[Items from a data source]
☆ ☆ ☆ ☆ ☆

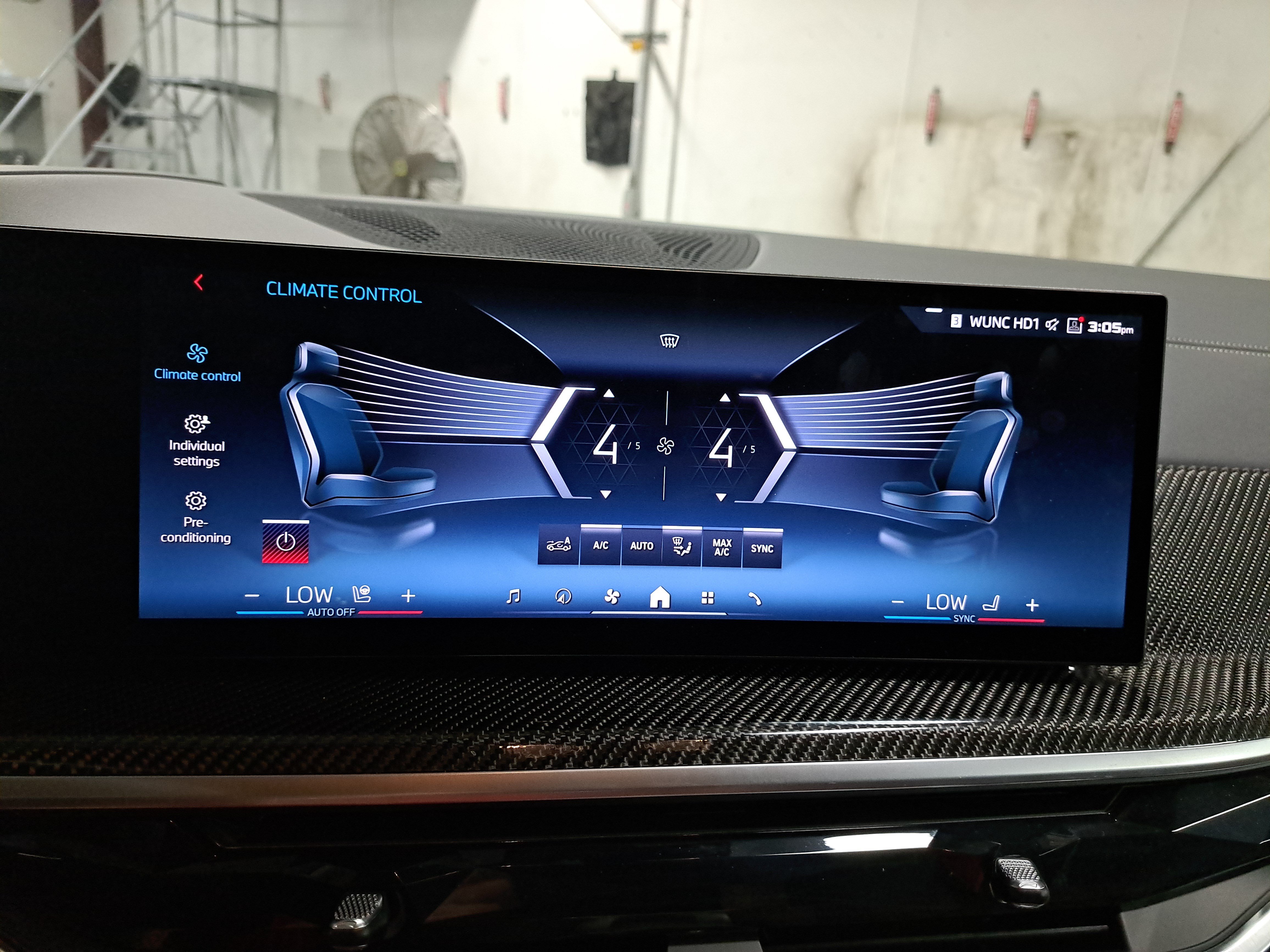 Certified 2026 BMW X6 M60i AWD/4WD image 22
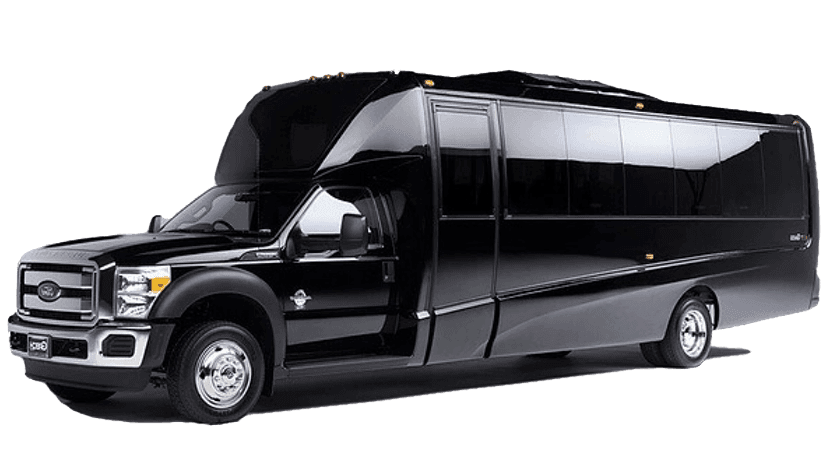 Executive 28 Passenger Bus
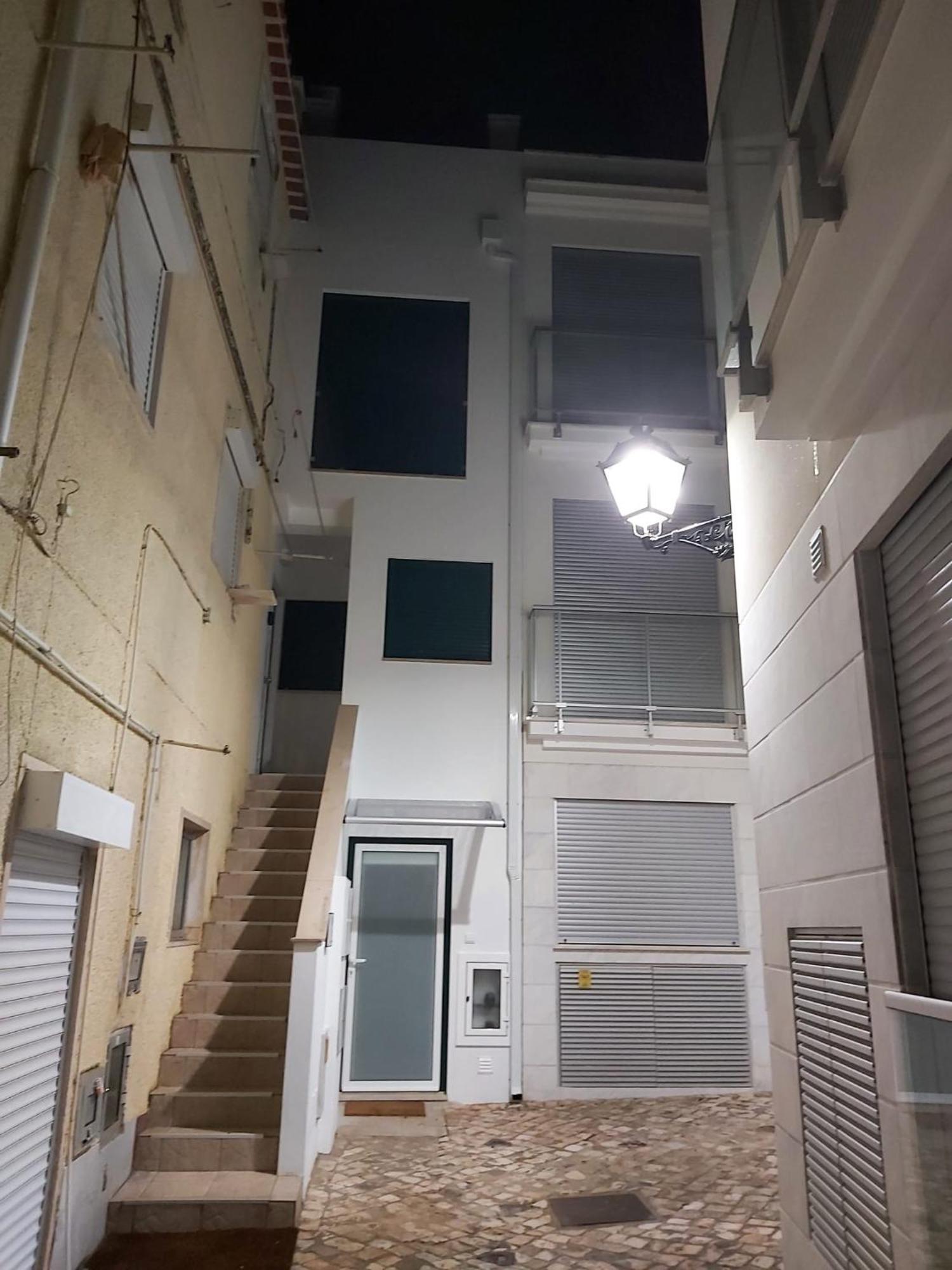 Apartamento Patio Do Higinio Nazaré Buitenkant foto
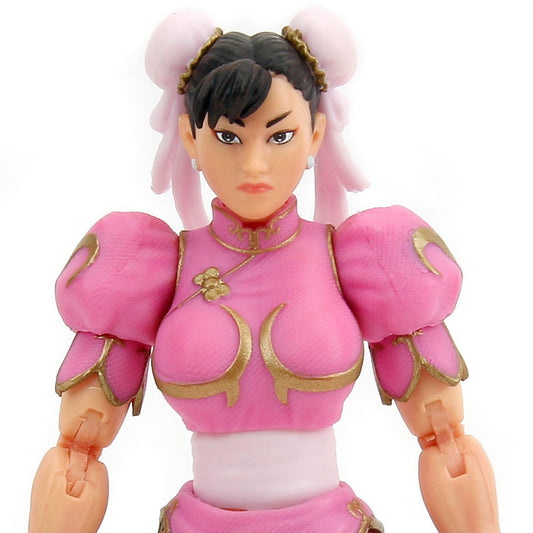 Jada Toys - Ultra Street Fighter II Chun-Li 1/12 Scale Action Figure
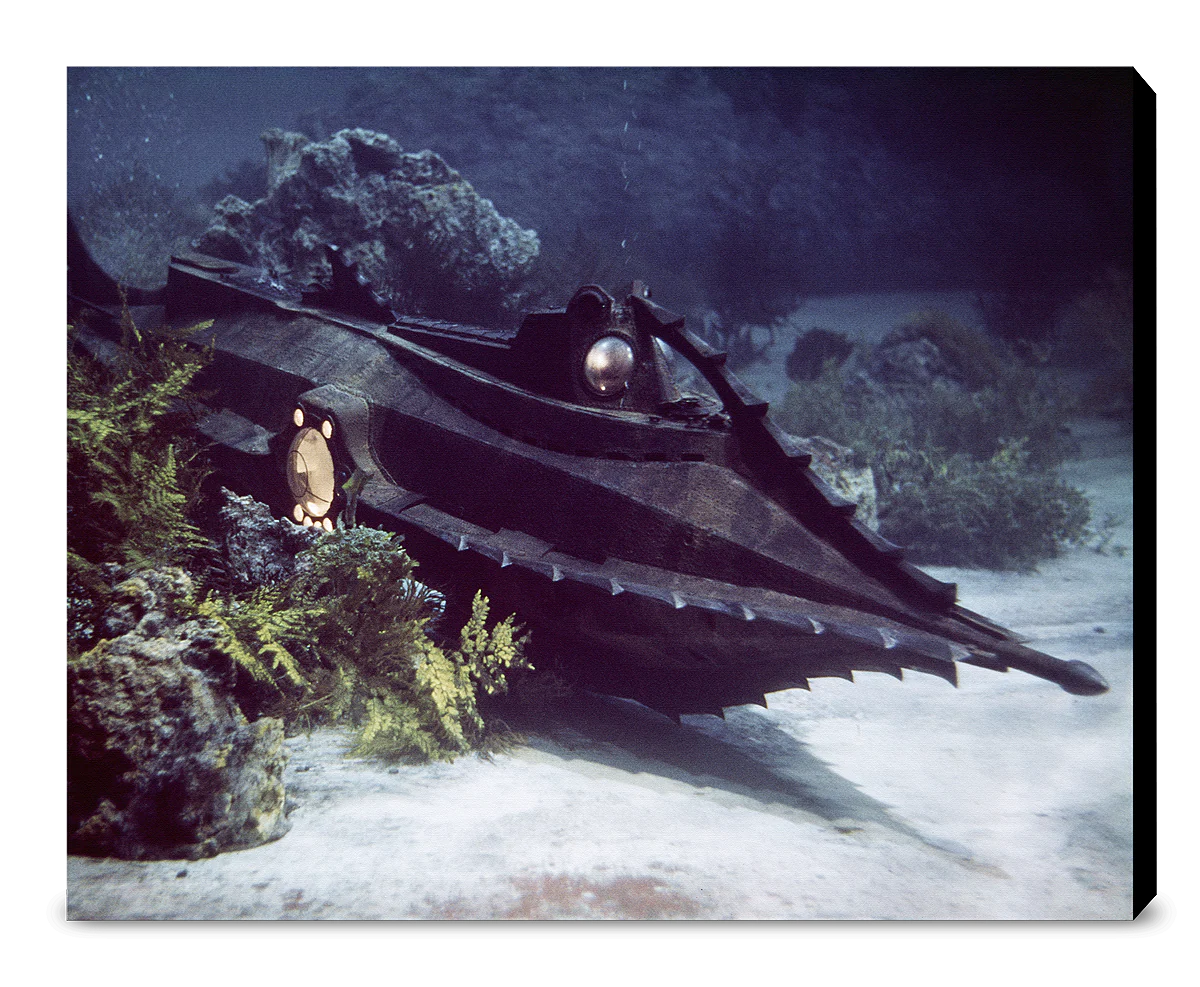 "Nautilus" from Disney Photo Archives - Image 9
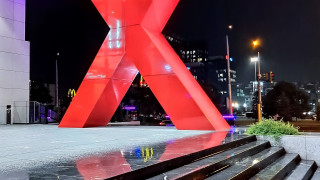 Стара нощна София по нов начин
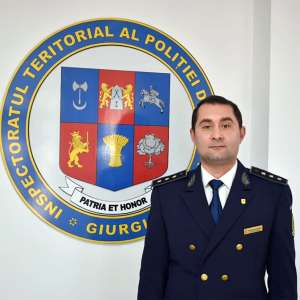 Inspectoratul Teritorial al Poliției de Frontieră Giurgiu
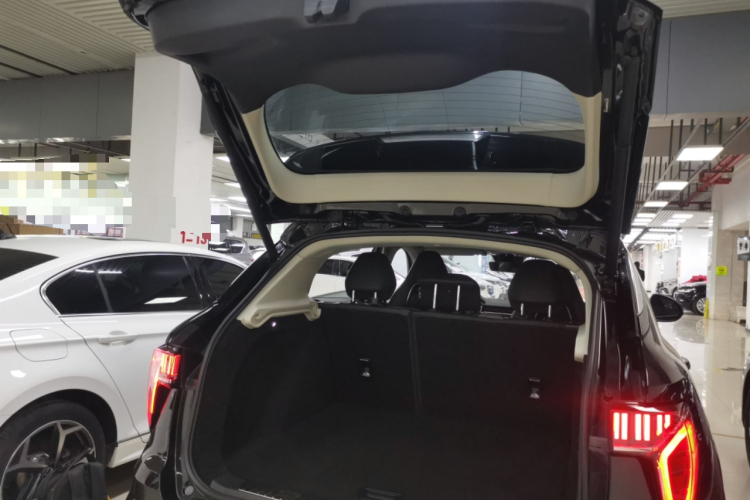 领克01 2021款 2.0TD 两驱型Pro局部细节23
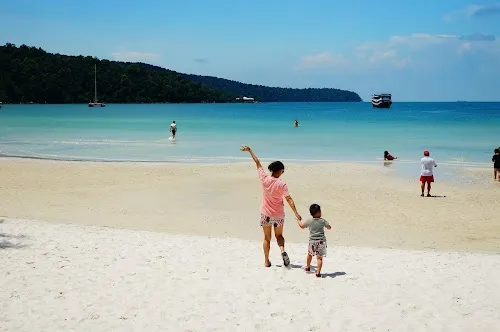 Koh Rong Samloem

☆ ☆ ☆ ☆ ☆

Task prompt - Please print the data above in its entirety, exactly, but without any picture.

The completed task -
 Certified 2026 BMW X6 M60i AWD/4WD image 22
 Executive 28 Passenger Bus
 Apartamento Patio Do Higinio Nazaré Buitenkant foto
 Jada Toys - Ultra Street Fighter II Chun-Li 1/12 Scale Action Figure
 "Nautilus" from Disney Photo Archives - Image 9
 Стара нощна София по нов начин
 Inspectoratul Teritorial al Poliției de Frontieră Giurgiu
 领克01 2021款 2.0TD 两驱型Pro局部细节23
 Koh Rong Samloem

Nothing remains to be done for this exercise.